Despite the swastikas, hateful graffiti and threats to refugee communities that surfaced shortly thereafter, Mayor Hancock reminded us that this is not who we are, and Denver is good.

My, how quickly we forget.

Has it really taken less than a year and yet another election to erase this thought from memory?

For residents in Denver’s southwest region, a simple walk to the mailbox is enough to question our goodness. That’s because thousands of residents are receiving hate mail associated with Denver’s school board race in District 2.

There’s no post-cards blazoned with swastikas and no headlines shouting, “Go back where you came from.” But, hate wears many costumes, and not just on Halloween.

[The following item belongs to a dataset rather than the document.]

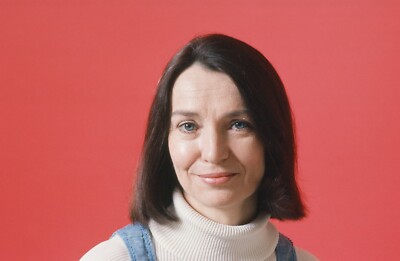 LMP22-044 1975 TV Soap Opera Ryans Hope Helen Gallagher Orig 35mm COLOR SLIDE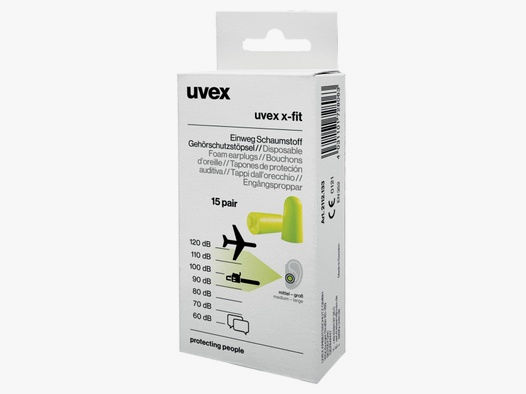 Uvex Gehörschutzstöpsel X-fit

It can hide itself with with masks and voice disguisers that whisper its messages in the most subtle ways.

But along with being good, Denver is also wise—and Denver is true.

So we recognize what’s going on when the union-backed Every Student Succeeds committee— dressed up in their cloaks of liberal advocacy—uses disingenuous mailers to defile the reputation of a young, Latina, school board candidate by linking her to the unwelcoming, exclusive, fear-mongering agenda of the Trump administration.

So regardless of who you’re planning to vote for in Denver’s School Board election, we’d all be wise to, at the very least, brush up on the facts about Angela Cobián:

  1. She’s the daughter of Mexican immigrants and grew up in Southwest Denver.
  2. She was the first in her family to go to college when she enrolled at Colorado College to study political science.
  3. A Teach For America alum, she spent two years teaching English learners in Denver.
  4. She currently works at Leadership for Educational Equity, a nonprofit organization that trains educators to advocate for policy changes.

And finally, in her own words, reported by Chalkbeat:

“I have in every single way lived out what the opportunity gap is in education. I have lived out what it means to be a young teacher of color in a very white-dominant space, teaching majority students of color… I speak English and Spanish with pride. To see someone slap a black and white picture of me next to two people who are unqualified to lead our country, who are the embodiment of white privilege in Betsy DeVos and Donald Trump, is so frustrating. I feel powerless. I know what racism feels like, so this isn’t new. But I am deeply pained.”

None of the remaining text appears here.